You see, in the Army the values of Leadership are easily captured with this acronym: LDRSHIP. (If you don’t know, now you know.)
Each value aligns with the Army’s definition of leadership, which according to the Army Field Manual (FM) 6-22 on Leader Development, states “Leadership is the process of influencing people by providing purpose, direction, and motivation to accomplish the mission and improve the organization.” And from our nation’s rich history, you can say the Army has done a pretty good job producing top-notch leaders.
Nowhere on this list is “Emotional Intelligence” or “Kindness” or “Empathy.”
But there’s good reason – imagine you’re in a new recruit for the military. Your drill instructor, Gny. Sgt. Hartman, has a sole mission to train and mold an assorted collection of civilian teenagers into warriors, capable of combat. He introduces these new “pukes” (recruits) to 4AM wake up calls, daily Physical Training, extended ruck marches with heavy packs, harsh verbal language, drill and ceremony, regimented daily schedules, and constant, continuous stress all in a short time frame.* Why? So they can toughen up, learn to think and act under stress, and understand that discipline and teamwork keeps you alive in combat.
If the drill instructor started to apply emotional intelligence (EQ) to become aware of his recruits’ emotional needs and began to relate to their feelings... this will be a nightmare. Imagine asking recruits if they feel okay and give them “time out” cards when things get rough. Ha!
In Corporate America, this is not ridiculous.

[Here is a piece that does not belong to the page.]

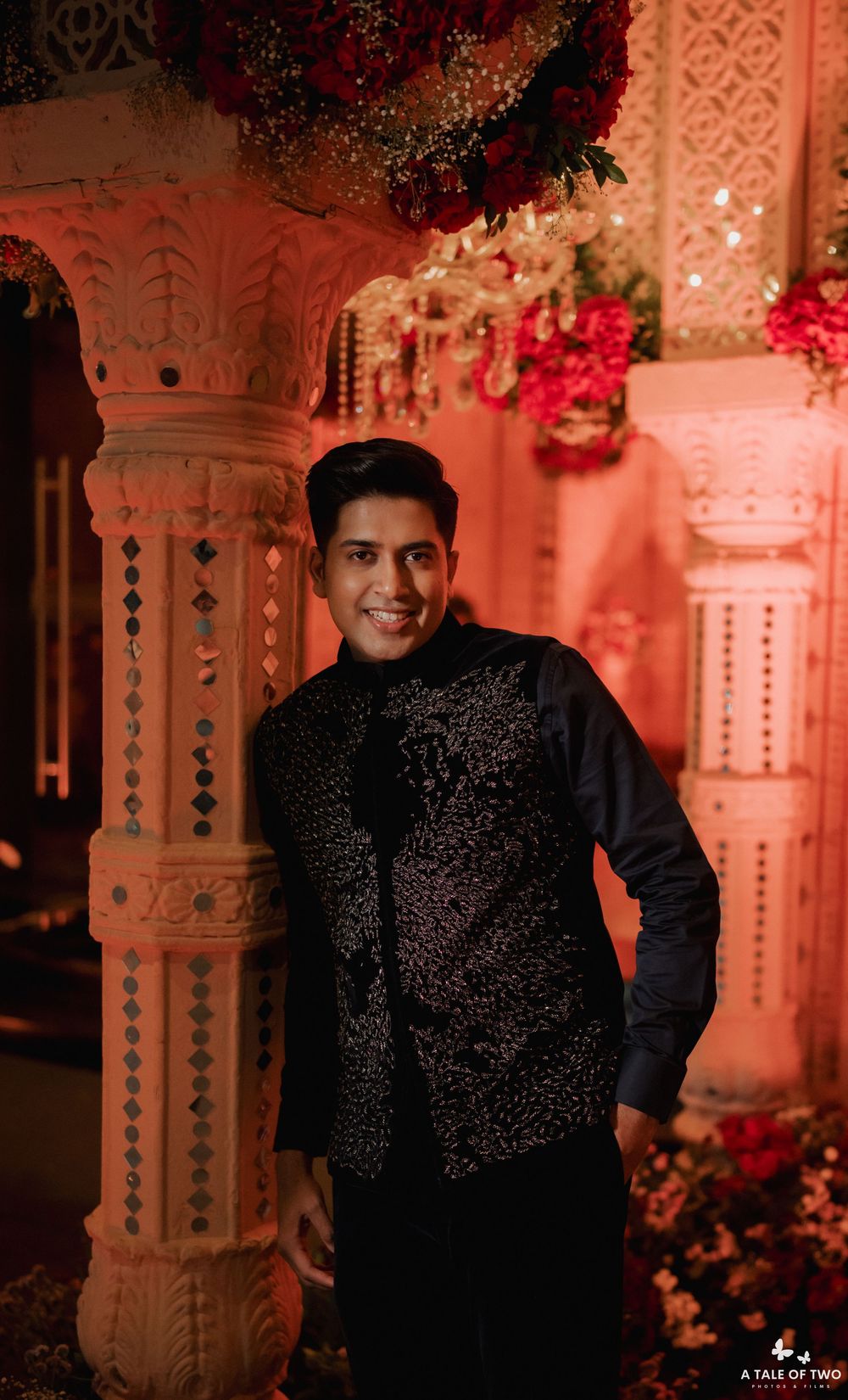 Wedding photography series featuring formal portraits in a venue with ornate pillars and red ambient lighting.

A Kellogg professor, and former CEO of a multi-billion dollar public company, once explained very simply, “the essence of leadership is to influence others, and you can only do that through being able to relate.” In a corporate environment where employees can pick up and leave (or quit) whenever they want, a leader must be able to relate to and be well received by others. Unlike the military, civilians can refuse to follow their middle managers with very little consequences. How can one lead if no one is following?

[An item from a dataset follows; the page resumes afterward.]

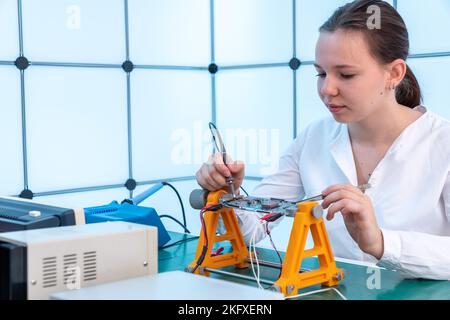 girl student studying the work of an electronic device in the electronics class Stock Photo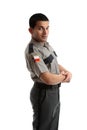 Male worker in uniform standing sideways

I view one’s IQ (Intelligence Quotient) and EQ as wheels on a bicycle. A leader’s IQ is the rear wheel, the propellent that drives the entire bike forward, and the EQ is the front wheel, which navigates. Your Emotional Intelligence allows you to turn and traverse around obstacles, or you’ll just plow into curbs, people, or an oncoming yellow taxi cab, much like other people’s emotions!
Your EQ is what allows for a leader to demonstrate the “soft” stuff, but allows you to build those relationships with people: to listen, be open and genuine, to have common interests, and even to be kind. Turns out, we do this very frequently in the Army as well. Though your soldiers can’t just leave your unit if he or she doesn’t like it, we have what’s called the “Good Dude Factor,” which allows us to assess whether we can trust a fellow soldier, especially when bullets start flying overhead. And it happens that folks who also live and breathe these Army values of Loyalty, Duty, Respect, Selfless Service, Honor, Integrity, and Personal Courage, are the ones who eventually are given that label.

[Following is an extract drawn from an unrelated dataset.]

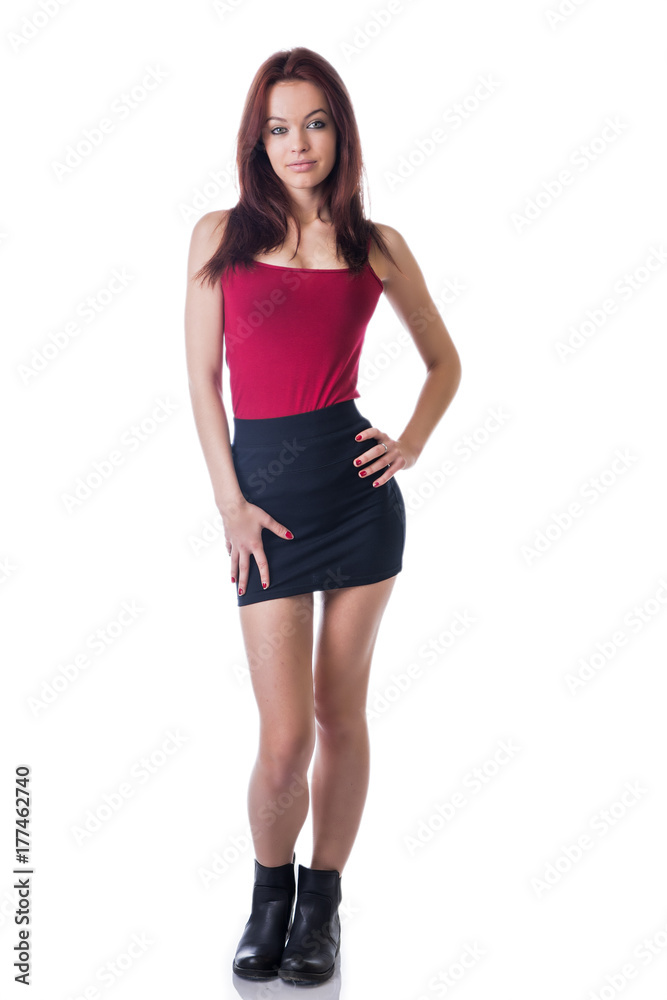 Young beautiful red haired woman standing, in studio shot, looking at camera Young beautiful red haired woman standing, in studio shot, looking at camera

Though on the exterior, Veterans seem stoic and emotionless, stemming from a culture where rank or authority dictates execution, internally we are just as influenced by relationships and EQ. Our love for our fellow brothers-and-sisters-in-arms goes deeper than just emotions – it’s a respect and devotion that enables us to be capable of sacrificing ourselves for one another. Veterans have fought in the trenches together, and hence, have formed deep bonds with our teams that are sometimes more unbreakable than the mission on hand.
And this all starts with how we feel about one another and how how intelligent we are to one’s emotions.
*Author does not advocate such treatment of individuals to be appropriate methods of building leaders.